А: Еще мы довольно часто получаем вопрос о том,  почему шотландская пьеса, ведь это не про Россию. Я привезла в Москву эту пьесу из Эдинбурга, поэтому  я спрашиваю: «А в России что, нет такого?». Мне отвечают: «Ну, не знаю». Или говорят: «Вы же могли пойти поговорить с российскими мужчинами на эту тему». Я говорю: «Мы не могли, потому что у нас женская команда, и мужчины бы нам не рассказали, как они говорят о женщинах, когда их нет рядом». Гэри Макнейр делает очень трогательное посвящение своей дочке Розе в этой пьесе: «Надеюсь, что тебе не придется сражаться в этой схватке, когда ты вырастешь». Мне кажется (было бы здорово, если бы я ошибалась), что в России сейчас трудно найти такого драматурга-мужчину, который бы согласился собрать  подобный материал.

Хотели ли бы вы дальше развиваться на базе ЦИМа, государственного театра?
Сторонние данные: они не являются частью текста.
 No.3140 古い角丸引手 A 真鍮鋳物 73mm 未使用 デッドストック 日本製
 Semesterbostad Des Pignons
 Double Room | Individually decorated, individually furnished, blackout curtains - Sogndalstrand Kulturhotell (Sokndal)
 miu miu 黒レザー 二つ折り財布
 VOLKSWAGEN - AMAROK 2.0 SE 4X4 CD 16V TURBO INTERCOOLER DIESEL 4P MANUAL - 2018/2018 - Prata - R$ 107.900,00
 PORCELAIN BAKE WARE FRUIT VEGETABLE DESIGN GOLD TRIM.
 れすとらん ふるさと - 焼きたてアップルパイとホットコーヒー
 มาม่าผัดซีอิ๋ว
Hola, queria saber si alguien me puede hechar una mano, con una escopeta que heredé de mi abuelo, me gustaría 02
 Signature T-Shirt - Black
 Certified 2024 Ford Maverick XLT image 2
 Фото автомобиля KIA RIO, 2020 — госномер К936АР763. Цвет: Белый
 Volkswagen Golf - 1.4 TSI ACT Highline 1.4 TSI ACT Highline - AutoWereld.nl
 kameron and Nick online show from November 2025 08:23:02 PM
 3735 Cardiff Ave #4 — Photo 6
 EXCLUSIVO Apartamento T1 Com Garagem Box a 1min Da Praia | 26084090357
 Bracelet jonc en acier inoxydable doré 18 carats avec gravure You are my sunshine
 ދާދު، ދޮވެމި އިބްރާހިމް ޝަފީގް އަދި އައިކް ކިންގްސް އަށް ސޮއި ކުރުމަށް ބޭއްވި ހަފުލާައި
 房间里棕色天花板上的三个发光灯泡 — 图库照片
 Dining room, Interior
О: Мы с Дашей дальше ведём кружок гендерных исследований в ЦИМе. Это такое планомерное и совсем с другими интенциями развитие гендерного подхода к театру, стыка гендерных исследований и театра. Мы провели в октябре-ноябре один кружок, у нас был бесплатный отчётный показ в кафе, где семеро наших участниц сидели за столиками и разговаривали с пришедшими зрителями. Был формат перформативного разговора: у них были правила, как они говорят, темы, о которых они хотят говорить. Кто-то говорил про возраст, кто-то про уязвимость, про новую маскулинность. Это не был спектакль, скорее событие. Было здорово, мы написали методичку о том,как вести кружок гендерных исследований, потому что нам СТД дал на это стипендию. Мы скоро сделаем её презентацию в ЦИМе, в марте. Книжечка будет страниц на 90, которая, мы надеемся, уедет в региональные театры, в какие-то нетеатральные пространства и, может быть, этот курс будут делать другие люди. Книжка будет бесплатная и с онлайн-версией.

А вообще, да, я хочу развиваться на базе государственных театров. Я считаю, что нужно работать с государственными театрами и нужно делать спектакли с бюджетом, делать большие спектакли, не бояться этого. ЦИМ — это такие ворота, через которые ты входишь, и важно, чтобы каждый год входили новые люди.

А: Мне Центр Мейерхольда очень симпатичен как площадка, которая поддерживает экспериментальные и независимые проекты. Елена Ковальская очень сильно нас поддерживала при создании спектакля. Хотелось бы продолжать сотрудничество, но и хотелось бы, чтобы и в других государственных театрах появлялись такие исследовательские театральные проекты с открытым финалом.